Highlights
- A Beijing think tank argues that the U.S. is constructing a “three-tier dollar zone” to bind resources, energy, and supply chains into a reinforced financial order, though the analysis overstates American coordination while understating both the U.S.'s structural strengths and China’s vulnerabilities.
- The U.S. is genuinely strengthening mineral partnerships and linking critical minerals to national security policy, marking a real evolution from the petrodollar system toward a broader energy-minerals-technology nexus anchored in dollar liquidity.
- While China dominates processing scale, America’s advantages lie in financial gravity, deep capital markets, alliance networks, and the dollar’s continued dominance as the world’s preferred reserve currency due to depth, transparency, and the rule of law.
A Beijing-based think tank argues the United States is constructing a “three-tier dollar zone” to bind resources, energy, and supply chains into a reinforced financial order. The thesis is provocative—and partly grounded in reality. But it reflects a China-centric lens that overstates U.S. coordination while understating both America’s structural strengths and China’s own vulnerabilities.

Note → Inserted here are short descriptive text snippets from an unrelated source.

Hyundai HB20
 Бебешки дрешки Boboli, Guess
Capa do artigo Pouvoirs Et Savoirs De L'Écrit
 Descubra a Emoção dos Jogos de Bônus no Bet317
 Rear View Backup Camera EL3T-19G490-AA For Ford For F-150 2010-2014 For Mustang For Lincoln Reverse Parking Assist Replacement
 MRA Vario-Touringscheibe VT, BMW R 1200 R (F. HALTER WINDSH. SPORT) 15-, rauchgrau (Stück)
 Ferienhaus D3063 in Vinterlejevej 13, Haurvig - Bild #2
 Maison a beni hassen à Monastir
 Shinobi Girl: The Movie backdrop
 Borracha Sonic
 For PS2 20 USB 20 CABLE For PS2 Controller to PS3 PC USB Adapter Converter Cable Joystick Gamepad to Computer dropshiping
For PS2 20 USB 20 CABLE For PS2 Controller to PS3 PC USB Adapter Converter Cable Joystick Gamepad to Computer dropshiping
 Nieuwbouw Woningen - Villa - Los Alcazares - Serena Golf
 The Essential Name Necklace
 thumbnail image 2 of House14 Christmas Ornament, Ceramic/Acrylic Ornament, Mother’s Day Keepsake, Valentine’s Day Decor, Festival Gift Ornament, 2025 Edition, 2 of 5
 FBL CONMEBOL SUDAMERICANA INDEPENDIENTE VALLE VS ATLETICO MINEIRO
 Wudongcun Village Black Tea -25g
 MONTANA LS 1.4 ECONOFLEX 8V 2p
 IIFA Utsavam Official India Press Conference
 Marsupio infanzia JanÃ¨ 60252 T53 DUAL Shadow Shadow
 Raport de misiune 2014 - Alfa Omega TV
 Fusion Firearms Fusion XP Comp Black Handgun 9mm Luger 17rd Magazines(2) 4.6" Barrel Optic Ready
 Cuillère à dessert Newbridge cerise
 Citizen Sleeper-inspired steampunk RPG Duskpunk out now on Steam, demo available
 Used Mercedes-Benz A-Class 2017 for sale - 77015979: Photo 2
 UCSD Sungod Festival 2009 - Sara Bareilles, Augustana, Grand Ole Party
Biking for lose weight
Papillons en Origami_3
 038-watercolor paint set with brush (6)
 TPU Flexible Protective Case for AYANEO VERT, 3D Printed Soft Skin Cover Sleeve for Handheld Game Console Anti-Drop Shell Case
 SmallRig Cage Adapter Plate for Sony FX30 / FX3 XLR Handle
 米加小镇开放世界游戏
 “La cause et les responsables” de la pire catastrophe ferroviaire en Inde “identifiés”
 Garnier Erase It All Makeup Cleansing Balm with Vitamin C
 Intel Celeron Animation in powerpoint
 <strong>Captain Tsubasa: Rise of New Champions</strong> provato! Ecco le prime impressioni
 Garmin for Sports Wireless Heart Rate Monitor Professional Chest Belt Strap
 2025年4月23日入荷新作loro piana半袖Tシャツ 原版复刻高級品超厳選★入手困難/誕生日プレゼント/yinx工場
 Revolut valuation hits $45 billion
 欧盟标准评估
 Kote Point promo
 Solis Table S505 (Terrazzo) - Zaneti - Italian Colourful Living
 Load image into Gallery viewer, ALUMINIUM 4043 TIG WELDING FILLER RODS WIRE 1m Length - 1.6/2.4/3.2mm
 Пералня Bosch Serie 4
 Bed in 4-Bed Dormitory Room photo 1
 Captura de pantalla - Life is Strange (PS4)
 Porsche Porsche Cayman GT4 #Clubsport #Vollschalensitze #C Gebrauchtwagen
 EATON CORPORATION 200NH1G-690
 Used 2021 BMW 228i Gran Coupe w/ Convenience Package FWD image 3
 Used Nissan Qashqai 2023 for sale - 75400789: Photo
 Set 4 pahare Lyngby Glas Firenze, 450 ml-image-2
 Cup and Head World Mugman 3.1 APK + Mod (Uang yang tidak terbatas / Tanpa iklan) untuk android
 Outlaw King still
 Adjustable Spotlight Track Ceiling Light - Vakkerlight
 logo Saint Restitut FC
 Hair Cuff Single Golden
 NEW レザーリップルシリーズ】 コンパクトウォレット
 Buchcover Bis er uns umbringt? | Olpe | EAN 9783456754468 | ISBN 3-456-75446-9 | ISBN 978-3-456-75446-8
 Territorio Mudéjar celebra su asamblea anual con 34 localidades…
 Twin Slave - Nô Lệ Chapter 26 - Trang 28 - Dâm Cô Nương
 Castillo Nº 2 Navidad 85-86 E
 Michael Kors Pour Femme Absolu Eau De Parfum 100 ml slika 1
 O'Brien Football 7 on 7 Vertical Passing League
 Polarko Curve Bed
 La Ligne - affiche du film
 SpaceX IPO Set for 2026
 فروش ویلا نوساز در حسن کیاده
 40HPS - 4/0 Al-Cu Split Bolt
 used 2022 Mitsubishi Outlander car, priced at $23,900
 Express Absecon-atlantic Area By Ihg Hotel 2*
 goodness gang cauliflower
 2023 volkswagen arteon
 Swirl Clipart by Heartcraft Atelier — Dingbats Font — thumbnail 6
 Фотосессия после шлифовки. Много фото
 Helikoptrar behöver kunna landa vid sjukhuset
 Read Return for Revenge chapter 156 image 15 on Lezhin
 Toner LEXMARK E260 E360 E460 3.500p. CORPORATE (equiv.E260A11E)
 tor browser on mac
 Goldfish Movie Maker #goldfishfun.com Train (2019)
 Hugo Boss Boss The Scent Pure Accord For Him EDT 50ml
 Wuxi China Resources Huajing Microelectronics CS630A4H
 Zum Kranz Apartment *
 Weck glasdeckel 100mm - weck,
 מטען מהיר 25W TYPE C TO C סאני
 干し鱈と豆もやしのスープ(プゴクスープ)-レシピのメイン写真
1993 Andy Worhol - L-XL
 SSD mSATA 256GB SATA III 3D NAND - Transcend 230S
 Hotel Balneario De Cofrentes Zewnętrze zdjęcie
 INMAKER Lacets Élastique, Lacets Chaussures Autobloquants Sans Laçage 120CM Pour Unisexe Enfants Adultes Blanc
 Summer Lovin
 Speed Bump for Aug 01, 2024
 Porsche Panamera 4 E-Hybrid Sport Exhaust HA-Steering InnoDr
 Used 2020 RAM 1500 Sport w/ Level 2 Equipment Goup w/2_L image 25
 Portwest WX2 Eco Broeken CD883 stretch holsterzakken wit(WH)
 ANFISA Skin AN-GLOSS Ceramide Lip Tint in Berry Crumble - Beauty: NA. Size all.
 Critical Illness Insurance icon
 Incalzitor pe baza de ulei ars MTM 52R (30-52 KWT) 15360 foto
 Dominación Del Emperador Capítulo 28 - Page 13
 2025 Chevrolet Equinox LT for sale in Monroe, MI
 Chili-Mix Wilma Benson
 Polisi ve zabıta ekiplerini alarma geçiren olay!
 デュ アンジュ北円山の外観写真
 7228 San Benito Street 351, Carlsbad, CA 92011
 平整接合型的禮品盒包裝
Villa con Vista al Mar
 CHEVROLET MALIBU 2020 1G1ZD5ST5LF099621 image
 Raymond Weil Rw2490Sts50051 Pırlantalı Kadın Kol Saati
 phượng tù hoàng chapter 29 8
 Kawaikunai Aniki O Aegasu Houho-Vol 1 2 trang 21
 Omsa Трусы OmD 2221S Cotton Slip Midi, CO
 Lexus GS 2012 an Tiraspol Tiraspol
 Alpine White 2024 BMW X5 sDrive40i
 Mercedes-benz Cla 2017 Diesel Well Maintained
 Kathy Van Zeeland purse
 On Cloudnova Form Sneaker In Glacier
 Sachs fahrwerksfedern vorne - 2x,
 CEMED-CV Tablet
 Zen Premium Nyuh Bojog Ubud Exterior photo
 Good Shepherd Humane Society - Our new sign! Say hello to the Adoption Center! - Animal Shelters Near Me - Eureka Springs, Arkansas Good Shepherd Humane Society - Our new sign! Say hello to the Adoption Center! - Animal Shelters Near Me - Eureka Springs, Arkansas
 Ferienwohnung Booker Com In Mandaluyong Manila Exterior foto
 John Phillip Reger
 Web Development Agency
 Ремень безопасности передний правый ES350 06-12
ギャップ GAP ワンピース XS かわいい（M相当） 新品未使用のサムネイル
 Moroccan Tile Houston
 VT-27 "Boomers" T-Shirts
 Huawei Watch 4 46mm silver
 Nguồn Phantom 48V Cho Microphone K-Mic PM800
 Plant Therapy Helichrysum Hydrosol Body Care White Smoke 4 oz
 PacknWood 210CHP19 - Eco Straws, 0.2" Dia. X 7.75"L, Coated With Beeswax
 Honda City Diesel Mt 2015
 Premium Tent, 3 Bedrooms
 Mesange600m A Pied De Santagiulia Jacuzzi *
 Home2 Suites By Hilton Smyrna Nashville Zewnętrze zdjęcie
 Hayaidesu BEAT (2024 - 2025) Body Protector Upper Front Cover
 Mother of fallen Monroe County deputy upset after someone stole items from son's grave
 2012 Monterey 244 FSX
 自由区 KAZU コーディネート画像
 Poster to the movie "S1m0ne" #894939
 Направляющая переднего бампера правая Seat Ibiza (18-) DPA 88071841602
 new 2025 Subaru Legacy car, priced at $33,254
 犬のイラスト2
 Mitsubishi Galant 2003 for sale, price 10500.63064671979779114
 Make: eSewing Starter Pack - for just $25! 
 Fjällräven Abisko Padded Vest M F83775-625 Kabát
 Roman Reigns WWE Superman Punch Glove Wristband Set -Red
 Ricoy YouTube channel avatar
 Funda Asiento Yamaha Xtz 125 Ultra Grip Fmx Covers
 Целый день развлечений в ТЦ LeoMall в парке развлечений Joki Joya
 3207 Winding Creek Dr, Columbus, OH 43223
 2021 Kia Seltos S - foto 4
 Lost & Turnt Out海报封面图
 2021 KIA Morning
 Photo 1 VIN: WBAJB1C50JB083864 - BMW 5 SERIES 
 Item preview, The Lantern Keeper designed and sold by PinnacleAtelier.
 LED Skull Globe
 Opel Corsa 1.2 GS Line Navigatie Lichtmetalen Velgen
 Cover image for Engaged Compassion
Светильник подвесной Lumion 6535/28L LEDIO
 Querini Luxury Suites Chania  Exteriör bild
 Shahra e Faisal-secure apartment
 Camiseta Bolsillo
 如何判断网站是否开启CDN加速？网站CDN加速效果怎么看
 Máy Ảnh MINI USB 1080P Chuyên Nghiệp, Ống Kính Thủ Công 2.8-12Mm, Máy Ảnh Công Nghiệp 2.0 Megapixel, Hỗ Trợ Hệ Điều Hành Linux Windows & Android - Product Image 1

A Grand Design—or a Theory Too Neat
A recent analysis by Anbound (opens in a new tab) in Eurasia Review (opens in a new tab) suggests President Donald Trump is advancing a system where the Americas anchor resource supply, Asia and the Middle East function as strategic control zones, and other regions orbit within a dollar-centered framework. It is a clean narrative. Real-world policy is rarely so tidy.
Where the Argument Lands
There is substance beneath the framing in what Rare Earth Exchanges™ terms the Great Powers Era 2.0:
- The U.S. is strengthening mineral partnerships with allies such as Australia, Canada, and Latin American producers
- Critical minerals—lithium, copper, rare earths—are now central to U.S. industrial and national security policy
- Supply chains are increasingly shaped by geopolitics, not just market efficiency
This marks a real evolution: from a narrow petrodollar system toward a broader energy–minerals–technology nexus anchored in dollar liquidity.
Where It Overreaches
The report assumes a level of orchestration Washington does not consistently achieve:
- U.S. mineral strategy remains distributed across multiple agencies and political cycles
- Domestic capacity—from separation to magnet manufacturing—is still scaling, not dominant
- Some capital has been misallocated, with projects advancing more slowly than policy ambitions
In practice, the United States is building a system—but unevenly and in real time.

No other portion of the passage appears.